The Mars Scout program by NASA consists of a series of low-cost missions to Mars that have been chosen from proposals of the scientific organizations. The Phoenix lander had an original cost of $325 million. It is being built at the Lockheed Martin Space Systems facility near Denver, Colorado.

The Phoenix lander may have also been named such because of how it came to be built. Like the mythical bird that is born repeatedly out of the ashes of its predecessor, the Phoenix lander was constructed from numerous components that had been built for earlier missions that never were completed. For instance, the lander itself is a modified Mars Surveyer 2001 lander partially built (and later stored) by Lockheed Martin, whose mission was cancelled in 2000, after the Mars Climate Orbiter and Mars Polar Lander missions failed in 1999. (The first spacecraft was destroyed when incorrectly programmed by ground controllers during its descent into the Martian atmosphere, and the second craft failed to return communication signals after its descent to the surface of Mars.)

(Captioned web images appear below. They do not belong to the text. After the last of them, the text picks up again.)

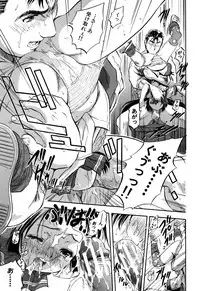 [Tomozawa Shou] Watashi to Papa no Maji Soukan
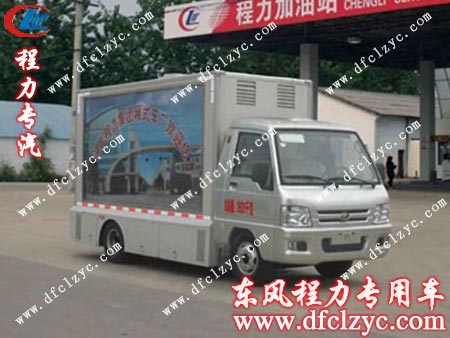 湖北程力集團(tuán)福田2600廣告宣傳車產(chǎn)品展示 湖北程力集團(tuán)福田2600廣告宣傳車產(chǎn)品展示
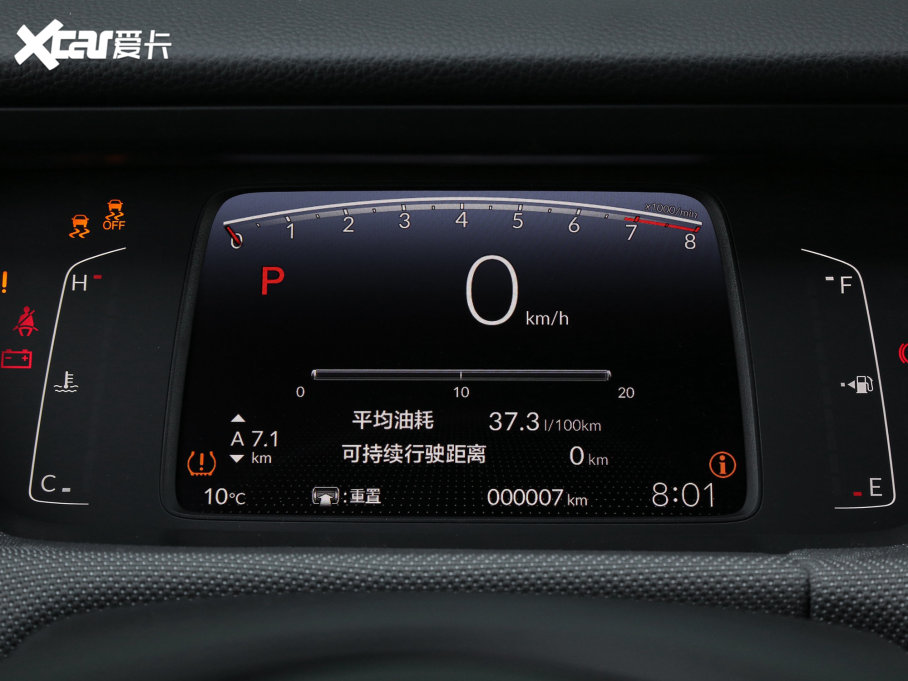 2023LIFE 1.5L CVT SPORTĄӰ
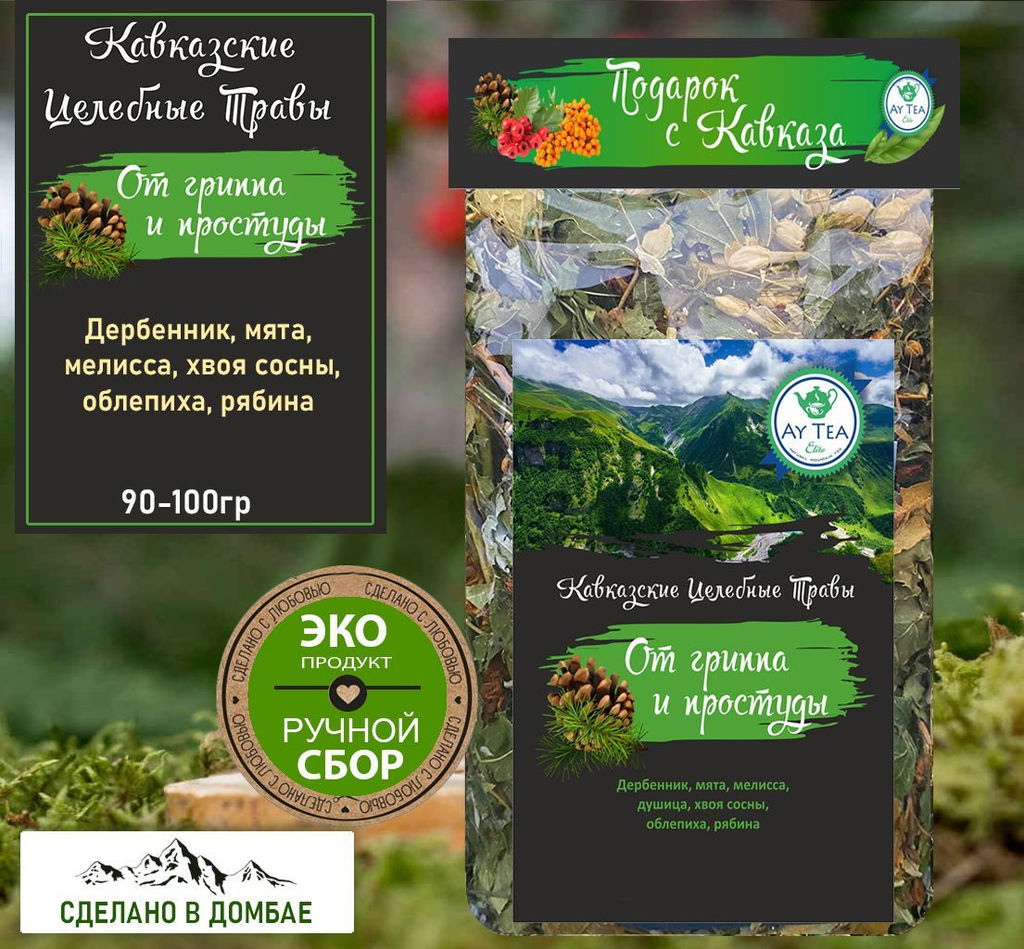 Горный травяной чай От гриппа и простуды 90-100гр.Домбай.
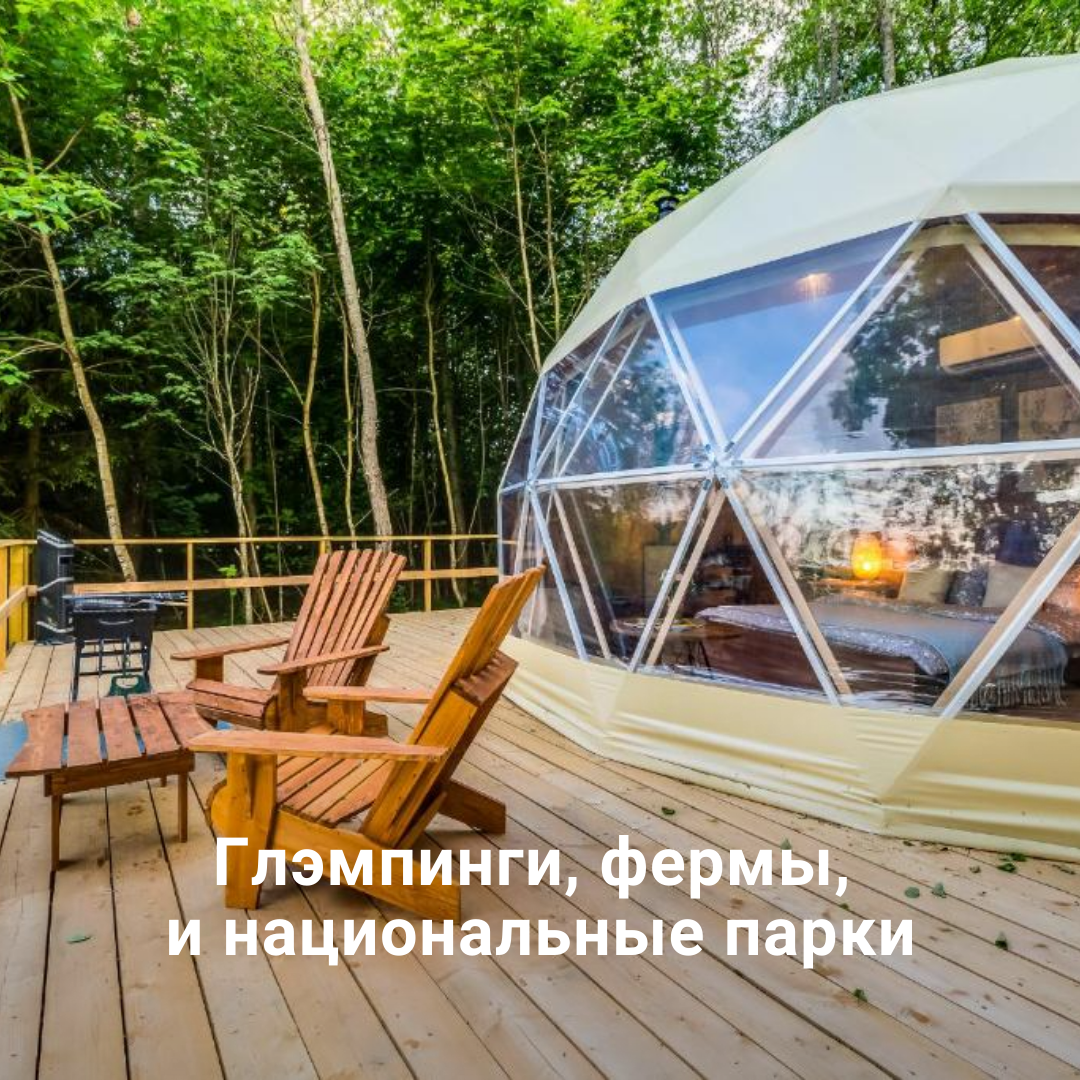 Greenwood глэмпинг джубга. Лотус тент глэмпинг. Девушка глэмпинг. Глэмпинг хабаровск. Глэмпинг клевер.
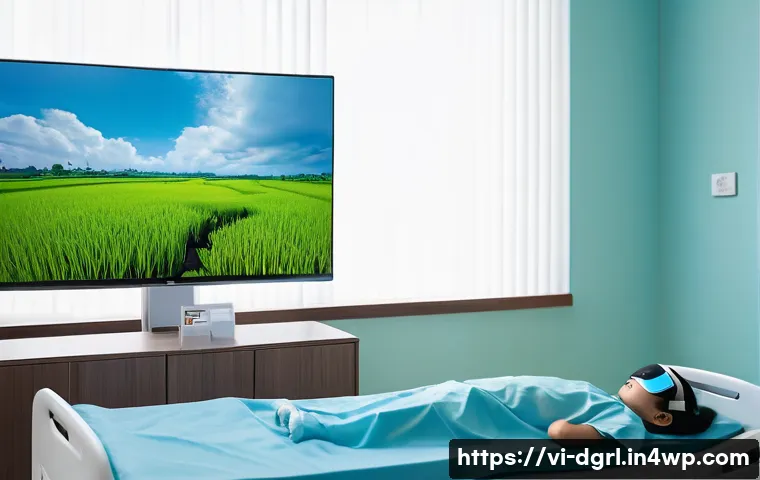 디지털 페인 관리의 미래 예측 관련 이미지 1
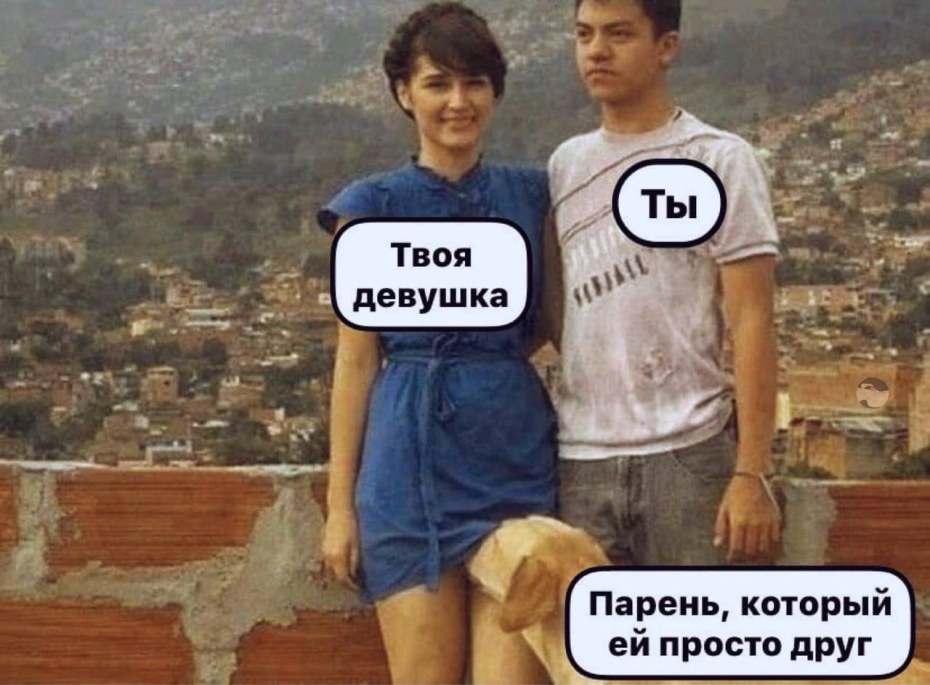 Мемы про девушек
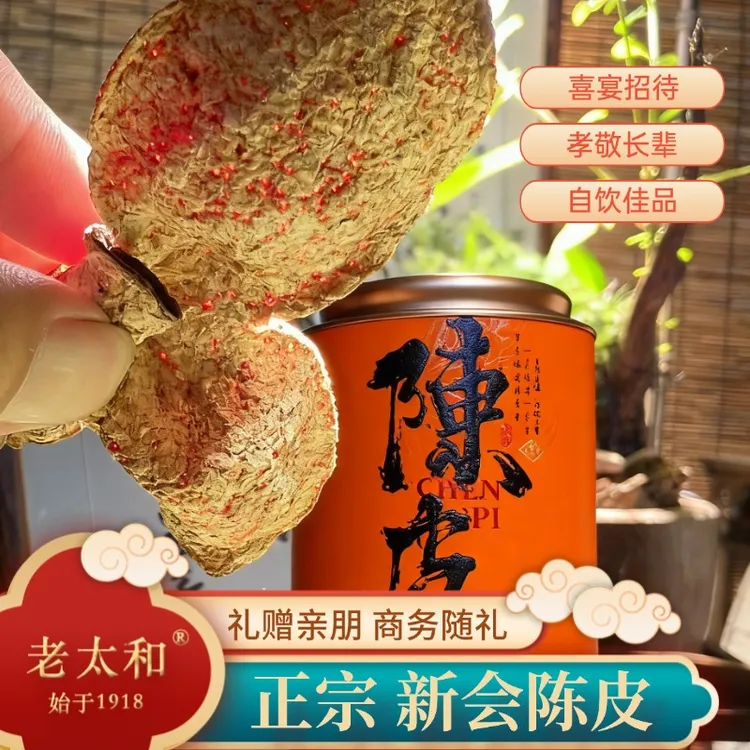 老太和【药园直发】正宗12年陈皮新会道地产区自然阳光陈皮礼品礼盒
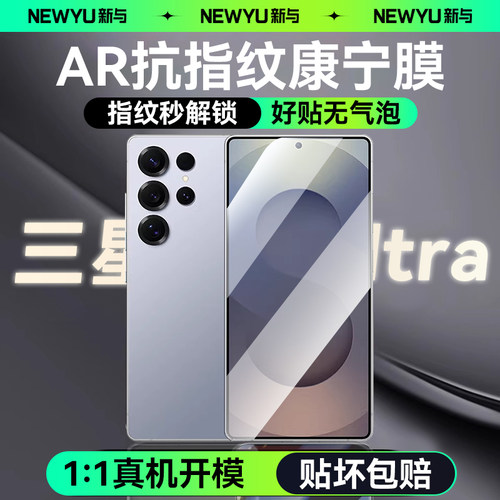 【AR抗指纹康宁】Newyu适用三星s25钢化膜Galaxys25lultra手机膜s24十新款无尘仓edge指纹波解锁s神器秒贴膜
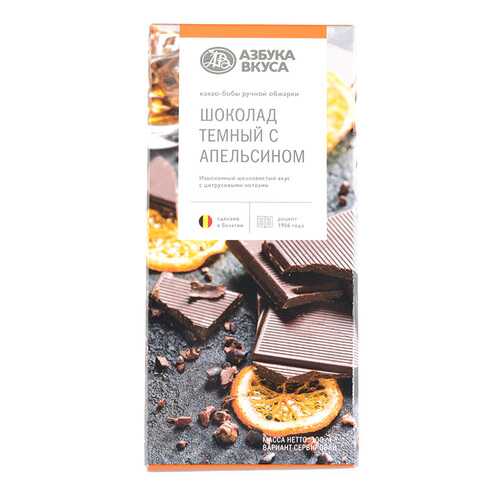 Шоколад Азбука Вкуса темный с апельсином 100 г в Спар
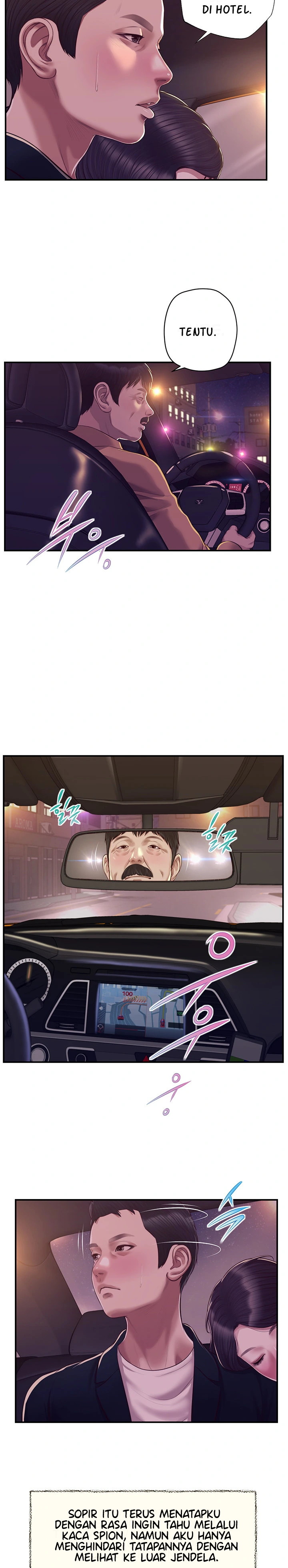 Concubine - Chapter 127 7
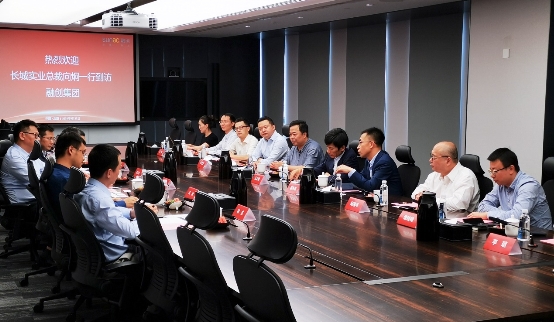 保定長城實業與融創房地産簽署戰略合作協議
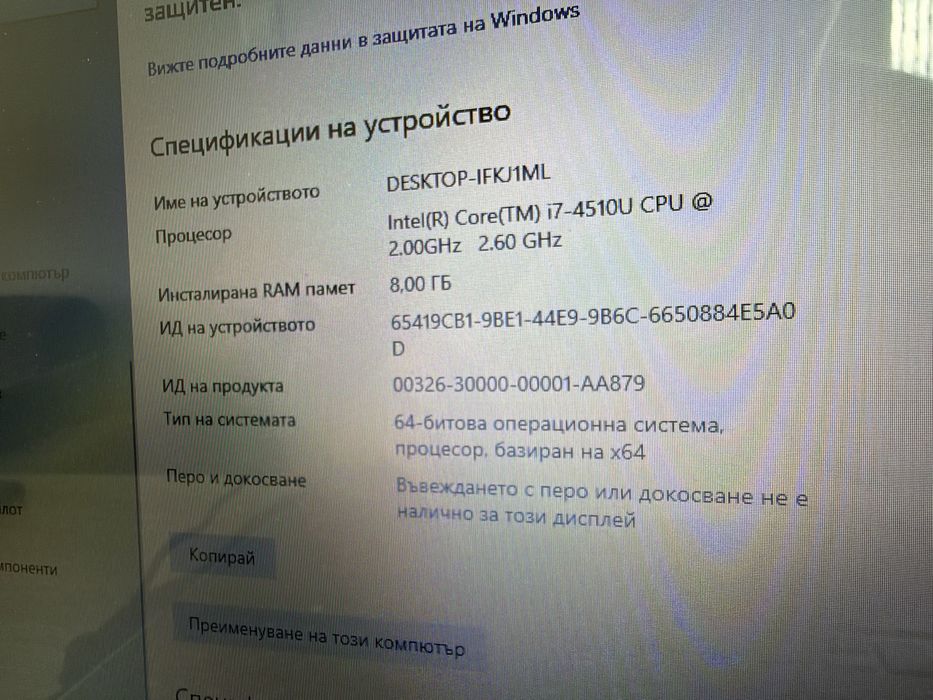 Лаптоп HP Pavilion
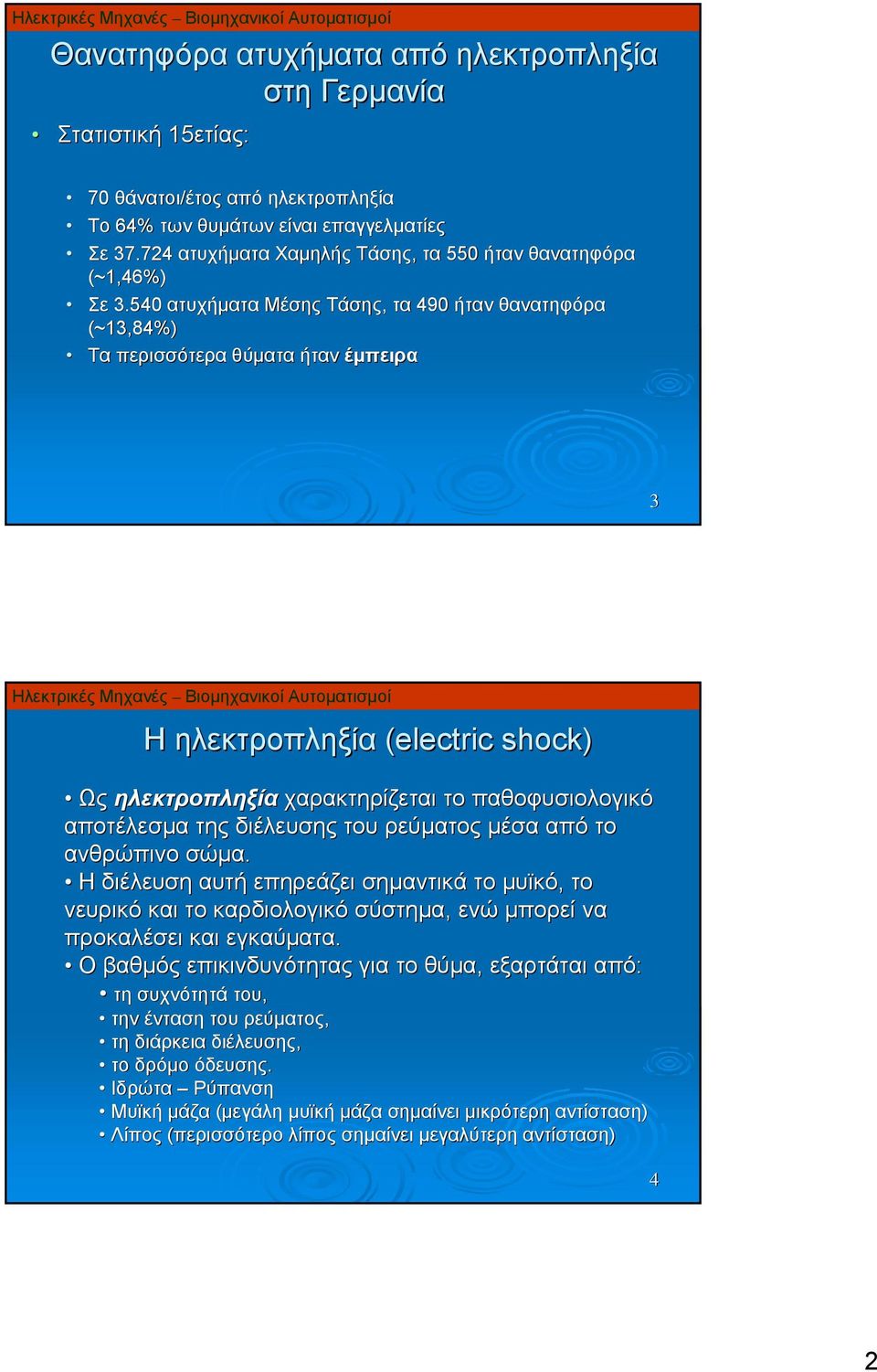 540 ατυχήματα Μέσης Τάσης, τα 490 ήταν θανατηφόρα (~13,84%) Τα περισσότερα θύματα ήταν έμπειρα 3 Η ηλεκτροπληξία (electric shock) Ως ηλεκτροπληξία χαρακτηρίζεται το παθοφυσιολογικό αποτέλεσμα της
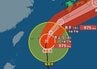 【台風情報】「台風6号(チャンミー)」最新進路予想　中心気圧975hPa・最大瞬間風速45 m/s　暴風域を伴ったまま西日本～東日本へ接近　気象庁1日最新情報【6月6日(土)にかけての雨風シミュレーション】　|　BSSニュース | BSS山陰放送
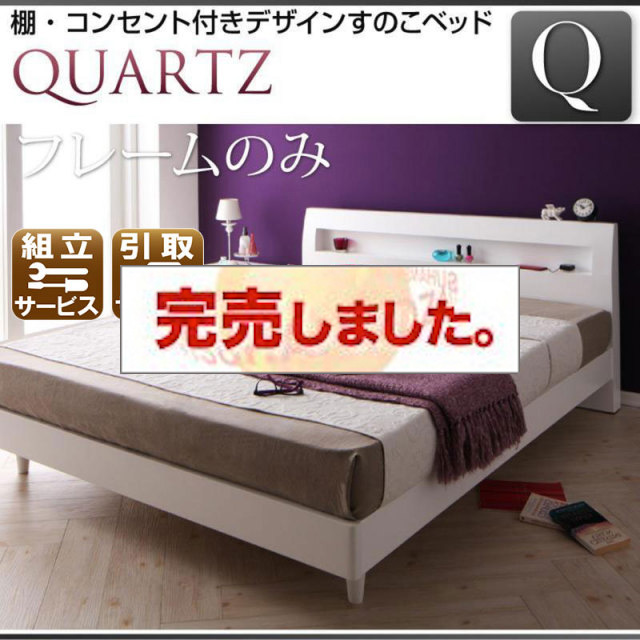 すのこベッド【Quartz】クォーツ ベッドフレームのみ クイーン(Q×1）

After its nine-month space flight, the three-legged Phoenix lander will not move once retrorockets set the lander down on the icy northern polar plains of Mars. It will instead use its robotic arm, scoop, and grinder to scratch, dig, and crush icy soil samples (several feet out into the soil) from both on and beneath the surface. Instruments onboard the spacecraft will analyze the soil samples. The mission’s primary purpose is to discover water’s geologic history on the planet and to search for possible Martian environments that could produce microbial life.

The Phoenix Mars Mission had cost overruns with its radar system and other engineering and testing requirements, which ran several millions of dollars over the original cost. (Current overrun figures reach between $31 million and $41 million, but final cost figures could reach as high as $417 million.)

Recently, Phoenix mission scientists found—through photographs taken by the High Resolution Imaging Science Experiment (HiRISE) camera onboard NASA’s Mars Reconnaissance Orbiter (MRO)—that the primary landing site contained numerous large boulders making the site unsuitable for a safe landing. Mission planners are considering other potential landing sites using the MRO and Mars Odyssey orbiter spacecraft. Scientists have made March 2007 as their deadline to pick a final landing site for Phoenix.

A Boeing Delta 2 booster, manufactured by the United Launch Alliance, is scheduled to launch Phoenix on August 3, 2007, from its Cape Canaveral (Merritt Island, Florida) LC-17 launch pad for its journey to Mars.